Hackers mind controlled a Tesla Model S in hackathon project
Oh, these hackers and their hackathons. They always came up with something interesting.
ARTIFICIAL INTELLIGENCE
A.I. Experiments by Google
Google published a website full of fun experiments with AI and machine learning. The most popular was the one in which you draw a doodle and the AI has to guess what have you drawn, but there other like real-life translator or what does the neural network really see.
Google’s AI translation tool seems to have invented its own secret internal language
Interesting thing. Looks like the AI used in Google Translator developed an internal language through which it translates between different human languages. This article explains the concept in easy to understand way, but if you want more technical details, here's a link to the paper published by the Google Translate team.

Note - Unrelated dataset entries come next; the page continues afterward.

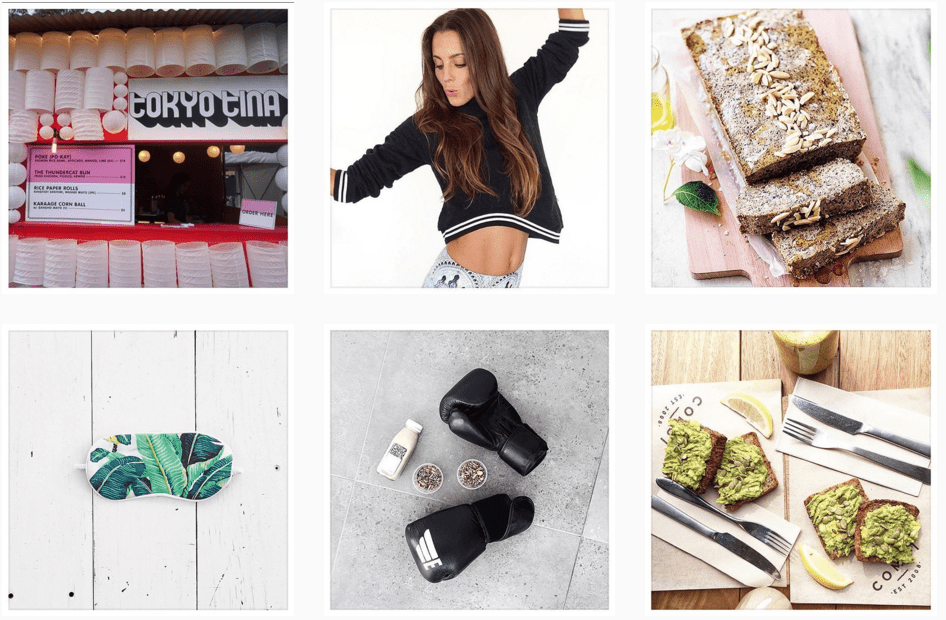 Social Media - Event Marketing on Instagram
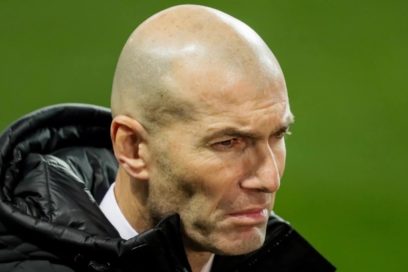 Proyectan a Zidane como entrenador de Francia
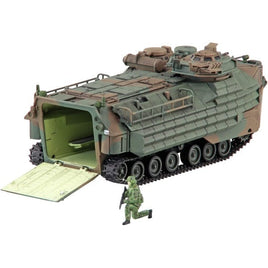 1/72 ミリタリーモデルキットNo.21 陸上自衛隊 水陸両用車(AAVP7A1 RAM/RS)『水陸機動団』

Giant Corporations Are Hoarding the World’s AI Talent
Tech giant, like Google, Apple, Facebook, Intel and others, don't hesitate to spend money on buying smaller AI companies and assimilating them. It leads into a smaller pool of talents for other, mostly smaller players.
The current state of machine intelligence 3.0
O'Reilly have published the new map of who is who and who's doing what in artificial intelligence. While exploring the map you can play a game called "How many of these companies I know?".
Expert: When an AI Invents Something, It Should be Credited as the Inventor
Here's a legal riddle for you - if an AI system invents a new thing and the patent for that thing is submitted, who should be credited? For me, this question fits into a bigger problem of responsibility and ownership of intelligent machines. You can see a similar problem when it comes to taking responsibility for accidents involving self-driving cars. I wonder if the same question asked in different fields will give the same answer.
ROBOTICS
Who Will Command The Robot Armies?
Military? Police? Hackers? Google? Amazon? A robot? It's an interesting read proving how much we depend on robots and algorithms and on those who control them, deliberately or by accident.
Japanese Researchers Created Molecular Robots Controlled by Light
Scientists at Japan's Hokkaido University have created a miniature robot made from organic compounds. After exposing the compound in blue light and observing it under a microscope, researchers found out that an oscillatory bending-unbending motion of the crystals occurred. That kind of robots could one day be used to deliver medicine to targeted areas of our bodies.
Swarms of tiny, cute robots will one day bring you your phone
Imagine this - you say "give me the mug" and a swarm of robots find the mug and give it to you. Similar thing (but without voice control) was presented by researchers at the Association for Computing Machinery’s UIST conference. Maybe one day these simple swarm robots will evolve into machines we saw in Big Hero 6.